* **Required action**:
Go through the listing and pick out each line with the word "Silk" in it.

━━━

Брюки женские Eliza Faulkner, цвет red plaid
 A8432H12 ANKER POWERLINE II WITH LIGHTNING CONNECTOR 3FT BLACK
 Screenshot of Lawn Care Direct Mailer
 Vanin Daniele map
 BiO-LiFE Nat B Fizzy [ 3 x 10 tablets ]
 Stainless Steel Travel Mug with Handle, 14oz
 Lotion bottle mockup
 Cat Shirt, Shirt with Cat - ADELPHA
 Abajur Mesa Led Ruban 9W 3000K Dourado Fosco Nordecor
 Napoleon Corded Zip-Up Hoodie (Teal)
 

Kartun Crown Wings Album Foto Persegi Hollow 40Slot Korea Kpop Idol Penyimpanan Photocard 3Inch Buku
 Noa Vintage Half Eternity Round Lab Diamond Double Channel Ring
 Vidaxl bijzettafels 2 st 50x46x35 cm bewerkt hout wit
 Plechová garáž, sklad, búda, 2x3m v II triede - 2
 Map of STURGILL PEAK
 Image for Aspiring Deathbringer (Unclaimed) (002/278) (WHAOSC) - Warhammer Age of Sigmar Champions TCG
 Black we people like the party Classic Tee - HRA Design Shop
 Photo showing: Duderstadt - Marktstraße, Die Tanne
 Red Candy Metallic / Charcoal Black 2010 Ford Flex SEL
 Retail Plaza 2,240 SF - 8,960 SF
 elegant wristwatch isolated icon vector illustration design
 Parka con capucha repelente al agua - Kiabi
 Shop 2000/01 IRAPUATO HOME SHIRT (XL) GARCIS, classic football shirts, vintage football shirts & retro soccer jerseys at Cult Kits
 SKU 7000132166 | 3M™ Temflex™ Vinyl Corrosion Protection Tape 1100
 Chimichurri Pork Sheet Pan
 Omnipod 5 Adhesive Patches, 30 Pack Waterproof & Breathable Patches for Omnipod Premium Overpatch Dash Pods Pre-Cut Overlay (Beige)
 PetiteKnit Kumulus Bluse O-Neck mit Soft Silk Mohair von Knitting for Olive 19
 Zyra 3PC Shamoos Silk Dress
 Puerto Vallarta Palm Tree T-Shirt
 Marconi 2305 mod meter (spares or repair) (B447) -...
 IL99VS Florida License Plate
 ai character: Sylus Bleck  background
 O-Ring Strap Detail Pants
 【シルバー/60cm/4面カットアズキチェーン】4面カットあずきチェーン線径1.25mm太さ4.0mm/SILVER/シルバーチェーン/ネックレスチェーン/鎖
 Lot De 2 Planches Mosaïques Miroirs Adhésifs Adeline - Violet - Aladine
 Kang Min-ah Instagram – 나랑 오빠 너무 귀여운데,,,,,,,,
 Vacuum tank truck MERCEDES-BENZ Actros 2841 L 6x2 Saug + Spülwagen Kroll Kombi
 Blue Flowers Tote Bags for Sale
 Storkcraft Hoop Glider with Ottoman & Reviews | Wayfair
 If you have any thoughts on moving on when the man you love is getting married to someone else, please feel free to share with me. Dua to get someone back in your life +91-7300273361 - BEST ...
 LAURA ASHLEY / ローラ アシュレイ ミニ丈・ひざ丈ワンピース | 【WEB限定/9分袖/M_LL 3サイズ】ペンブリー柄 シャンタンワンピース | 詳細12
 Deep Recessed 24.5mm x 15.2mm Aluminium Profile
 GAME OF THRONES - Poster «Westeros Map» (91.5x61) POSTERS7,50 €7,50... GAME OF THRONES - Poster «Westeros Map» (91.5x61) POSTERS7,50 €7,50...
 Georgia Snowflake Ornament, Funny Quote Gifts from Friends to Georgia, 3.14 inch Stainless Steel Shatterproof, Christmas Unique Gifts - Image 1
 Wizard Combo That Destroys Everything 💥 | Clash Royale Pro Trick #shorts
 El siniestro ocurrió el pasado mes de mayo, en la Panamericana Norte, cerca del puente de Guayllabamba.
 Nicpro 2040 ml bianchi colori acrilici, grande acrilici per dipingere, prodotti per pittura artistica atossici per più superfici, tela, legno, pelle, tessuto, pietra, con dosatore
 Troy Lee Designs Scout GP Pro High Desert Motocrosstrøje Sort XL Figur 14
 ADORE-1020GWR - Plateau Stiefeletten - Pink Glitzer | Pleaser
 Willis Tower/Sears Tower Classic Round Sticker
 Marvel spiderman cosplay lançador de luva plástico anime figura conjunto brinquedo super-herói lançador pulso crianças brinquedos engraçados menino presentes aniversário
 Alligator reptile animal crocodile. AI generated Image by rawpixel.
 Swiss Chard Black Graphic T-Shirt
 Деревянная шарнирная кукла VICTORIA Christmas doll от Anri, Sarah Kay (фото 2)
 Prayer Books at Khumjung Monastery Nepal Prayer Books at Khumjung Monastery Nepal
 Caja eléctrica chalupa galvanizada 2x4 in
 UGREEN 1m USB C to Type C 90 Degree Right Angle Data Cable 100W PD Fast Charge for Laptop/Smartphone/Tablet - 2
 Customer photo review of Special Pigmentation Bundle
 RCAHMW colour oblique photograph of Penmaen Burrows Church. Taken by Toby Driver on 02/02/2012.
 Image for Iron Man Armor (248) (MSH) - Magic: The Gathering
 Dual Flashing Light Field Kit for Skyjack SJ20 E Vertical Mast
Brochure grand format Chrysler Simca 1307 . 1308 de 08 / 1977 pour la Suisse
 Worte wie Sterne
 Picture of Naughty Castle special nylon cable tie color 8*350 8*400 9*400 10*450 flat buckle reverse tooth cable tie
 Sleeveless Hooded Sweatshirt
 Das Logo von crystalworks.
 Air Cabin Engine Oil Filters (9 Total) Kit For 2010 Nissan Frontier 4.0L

━━━

* **Written answer**:
 PetiteKnit Kumulus Bluse O-Neck mit Soft Silk Mohair von Knitting for Olive 19
 Zyra 3PC Shamoos Silk Dress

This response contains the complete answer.